Jouge 22/11/2013 09:13

Quelle est cette tente verte ? On dirait une Vaude... Et quid de ta Spectrum 23 ?

bigfoot 22/11/2013 13:42



c'est une hilleberg (un nouveau bourgeois, chaque fois ça se confirme)... la soulo je crois...


la spectrum... j'en avais marre de sortir tout trempé du sauna les matins sans vent. j'ai fait une erreur d'acheter une mono-paroi.



Jouge 19/11/2013 09:59

Jolies images !
Sinon... Heu, comment dire... Autant avoir des acouphènes sous stress avec "Ca fait rire les oiseaux", c'est normal, cela peut arriver à n'importe qui (même aux plus grands). Par contre (et là je
m'inquiète pour toi Bigfoot, mais sérieux !!!) avoir des hallucinations auditives sur Corinne Charby, faut arrêter ! LOL

bigfoot 20/11/2013 18:34



corynne charby, c'est comme l'hôtel... c'est normal pour un type de 42 ans :)


Rappelle toi les émois que nous procurait la belle corynne lorsque nous étions en période de poussée acnéique en 1986 (les plus jeunes, vous marrez pas)...
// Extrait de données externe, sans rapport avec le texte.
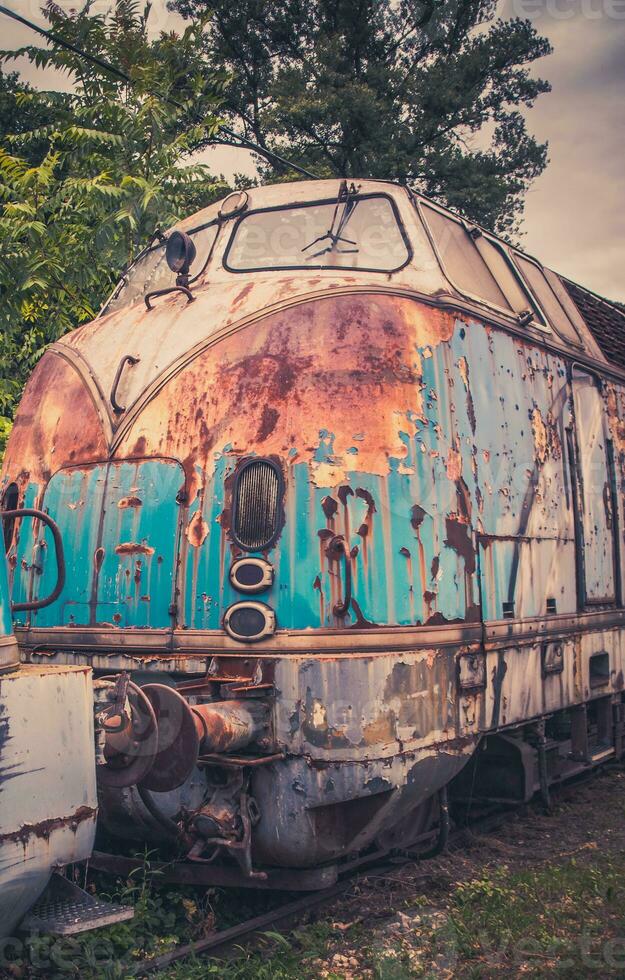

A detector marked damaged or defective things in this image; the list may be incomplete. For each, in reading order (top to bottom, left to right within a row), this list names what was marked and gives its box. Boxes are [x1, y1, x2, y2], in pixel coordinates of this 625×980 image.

rusty pipe [190, 700, 268, 756]
rusty locomotive [1, 180, 624, 892]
hein... rappelle toi les photos de la miss dans les magazines de charme...


 


mais c'est vrai que j'ai plus d'hallucinations auditives que visuelles de corynne et c'est bien dommage



Bifidusse 18/11/2013 00:23

Oh merde ! Corinne Charby ! :|

(magnifiques photos, sinon :))

bigfoot 20/11/2013 18:37



ben oui!!! et encore je vous ai pas tout dit...



François 17/11/2013 17:01

Les photos en bas du glacier: magnifiques, ça donne envie trainer dans le coin ! .... Un peu bête de revenir dormir au même endroit et d'avoir trimbalé le sac toute la journée, à vide tu serais
peut-être allé en haut, mais en Islande, entre le plan et la réalité il y a souvent un gouffre ( au propre comme au figuré !) ou une barre infranchissable , le temps aussi vient souvent amplifier
les difficultés.
En tout cas ne jamais regretter a posteriori les décisions de sagesse prises sur le terrain même si une fois revenu au calme on se met à penser qu'on aurait tout de même pu tenter le passage.

bigfoot 22/11/2013 13:58



salut françois,


tu as parfaitement raison, il est tellement facile de refaire le match après coup, hors stress, en oubliant avec une malhonnêteté intellectuelle facile tous les petits éléments qui ont poussé à
abandonner.


Il n'y a que la réalité du moment qui compte.